The previous government under President Mahinda Rajapaksa moved away from India’s influence and became increasingly open to Chinese involvement, whereas the Sirisena administration publically shifted away from China, which it saw as exploitative, and began strengthening ties once again with India.
However, the strategy appears to be changing again. Sirisena’s government had halted a $1.4 billion Chinese investment project to develop a port city in Colombo. But at last week’s meeting in Beijing, Sri Lankan officials sought to improve relations between the two countries by moving forward on free trade and investment cooperation.
But Andersen cautions, “Relationships are not smoothed over by one single visit.”
On Saturday, the two countries officially announced the resumption of the controversial Colombo port city project, indicating that relations are warming slightly – despite serious losses incurred by the state-controlled China Communications Construction Co. when the project was delayed.
The port city project entails a significant investment from China with the construction of hotels, offices, and shopping centers on more than 550 acres of reclaimed land. The project was halted over claims of suspected corruption, questions of land ownership, and concerns that development will harm the environment and destroy local fishing industries.
According to a Bloomberg report, a few amendments were made to the plans that allowed the project to resume. These include applying a 99-year lease to the land rather than allowing China complete ownership and ensuring that Sri Lanka’s government has a role in managing the project.
However, the debate is far from over as protests continue in Sri Lanka among those who think the amendments are not adequate.
China’s proposal to upgrade the Sri Lankan port city falls in line with the county’s long-standing policy of increasing its presence in the Indian Ocean region.

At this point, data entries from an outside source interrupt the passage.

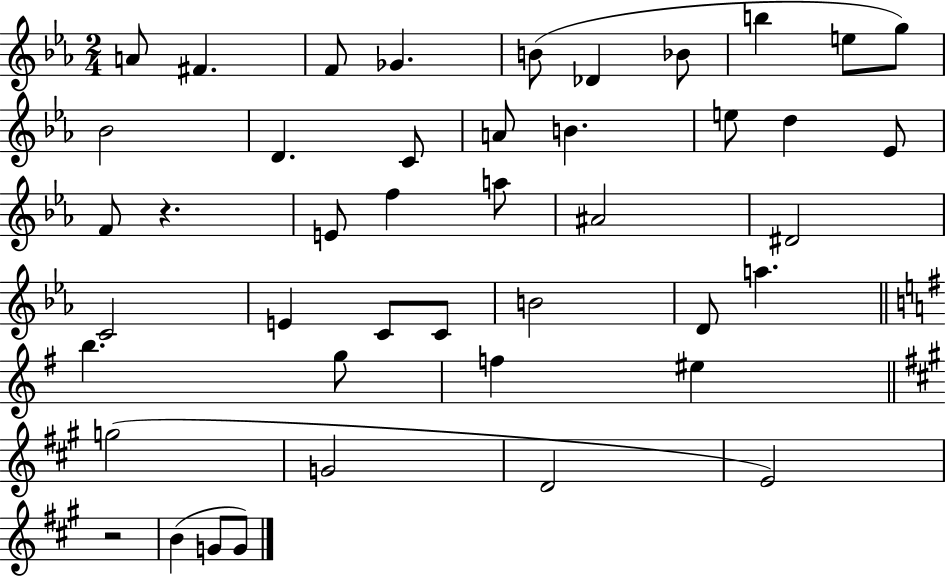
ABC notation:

X:1
T:Untitled
M:2/4
L:1/4
K:Eb
A/2 ^F F/2 _G B/2 _D _B/2 b e/2 g/2 _B2 D C/2 A/2 B e/2 d _E/2 F/2 z E/2 f a/2 ^A2 ^D2 C2 E C/2 C/2 B2 D/2 a b g/2 f ^e g2 G2 D2 E2 z2 B G/2 G/2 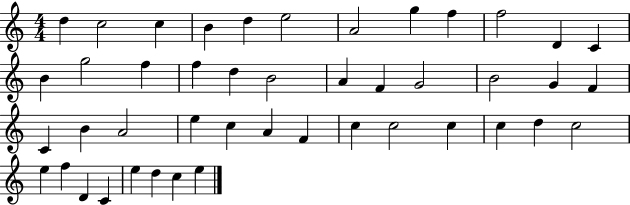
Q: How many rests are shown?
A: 0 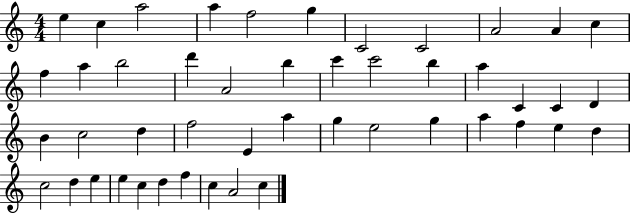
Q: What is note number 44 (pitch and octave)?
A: F5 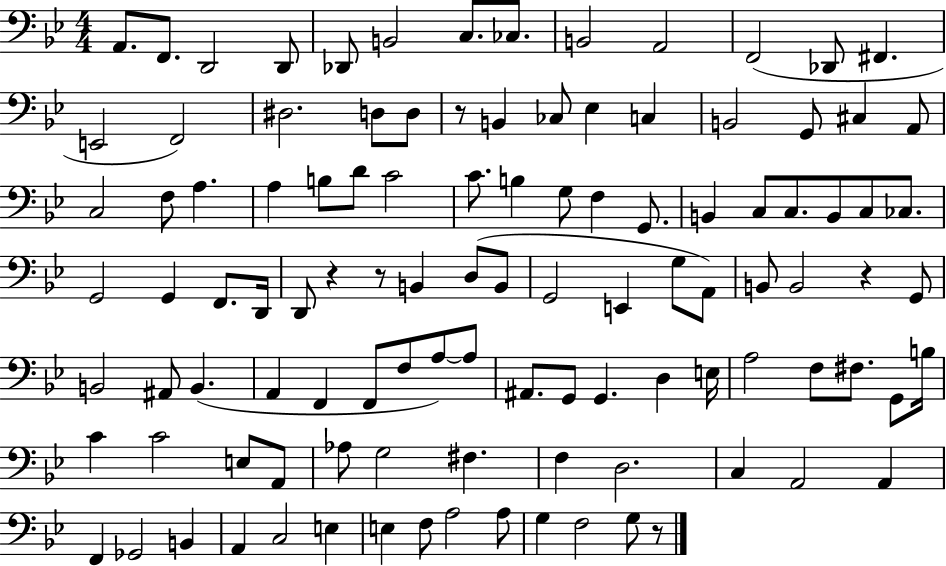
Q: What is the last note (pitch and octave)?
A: G3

India’s concerns about having a Chinese-built port city in its “backyard” were exasperated when a Chinese submarine docked at Colombo in 2014.
China’s territorial claims and military build-up in the South China Sea have prompted India to align itself with Japan in opposition to what India considers a potential threat to maritime security.
Other issues, such as the unresolved territorial disputes, which led to China’s invasion of India in 1962, and the biggest geopolitical threat in the eyes of India – China’s increasing closeness with Pakistan – also have the potential to derail relations between these two rising Asian powers.
“India in the long term, looks to itself as the dominant regional power in South Asia and it sees itself as surrounded by states that have, from an Indian point of view, too close a relationship with China – such as Pakistan,” said Karl Jackson, an expert in Southeast Asia at Johns Hopkins School of Advanced International Studies.
Sri Lanka is just one of many countries neighboring India with which China has recently made an effort to increase diplomatic and economic ties; Nepal, Bangladesh, and Myanmar are some of the other nations.
“Each of the Southeast Asian countries is stuck between India on the one hand, which is emerging, and China on the other, which is a little farther down the line towards fully emerging. But they are two very different countries,” Jackson said.
China is not alone in its efforts to expand its regional influence.
“The Indians have their own plans to have connectivity in Southeast Asia, and they are moving briskly ahead on that,” said Anderson.
For example, India is in the process of building rail connections from eastern India to Myanmar, Thailand, and Vietnam.
“The trade relationship between India and these countries is also at a rather significant increase,” Andersen added. “China still has more, but the gap is closing.”
In Sri Lanka however, China seems to be surging ahead with rapidly expanding trade and travel. Sri Lanka's overall trade with China increased by 12 percent in 2015, with Sri Lanka’s exports to China increasing by 69 percent, according to the Sri Lanka Department of Commerce. And China recently surpassed India as the largest source of visitors to Sri Lanka.
Though Sri Lanka’s current government may prefer India, China represents a huge source of investment for Sri Lanka. The island nation’s growing fiscal deficit and depleted reserves have forced the country to seek outside help. In other words, the Sri Lankan Prime Minister may have made the trek to China last week more out of necessity than choice.